Izi maaneh?” Adam asked.

It was too early in the morning to decipher the speech of a 2-and-a-half-year-old child who speaks three languages.

“What, my sweet?” I asked him.

“Izi maaneh?” Adam asked again.

Forat translated: “He wants to know if Baba is coming with us,” she said. Yiji maaneh means “will come with us,” in Arabic.

Forat answered him: “No, Baba won’t come with us because of those bad guys.”

It took me a second to realize she meant the soldiers at the checkpoints who allow Israelis but not Palestinians, like her father, to cross.

“Do you mean the soldiers?” I asked her.

“Yes. They’re bad guys but not bad like the bandits in Morphle and Mila,” she said, referring to the characters in the cartoon she watches in the afternoons, while I put Adam to sleep. “The bad guys in Morphle and Mila steal the children’s toys, and Officer Freeze has to lock them in a cage.”

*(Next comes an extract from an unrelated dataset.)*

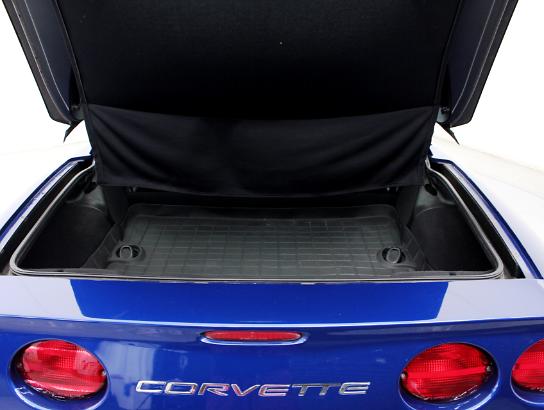 Florida Fine Cars - Used CHEVROLET CORVETTE 2002 HOLLYWOOD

From the time she began to ask, I had always told Forat that the people who stand at West Bank checkpoints have trouble sharing, and that’s why they let Israelis but not Palestinians cross. I considered initiating a conversation about it but remembered her incredible ability to perceive what happens around her and come to independent conclusions, which evolve as she receives new information and matures. I decided to continue to listen to how she understands her world, now that Israelis and Palestinians can travel again, but not to the same places.

For the first time in two months, we were leaving Ramallah to visit Michael, a close friend from the Israeli city of Holon, his 5-year-old daughter Noa and his 3-year-old son Itamar. West Bank schools are still closed, and we have no child care on the horizon, but as of early May, the Palestinian police have begun allowing travel into and out of the cities. They still impose a nightly curfew in the 20 percent of the West Bank in which they are allowed to operate, trying to prevent the large gatherings customary during the Muslim holy month of Ramadan.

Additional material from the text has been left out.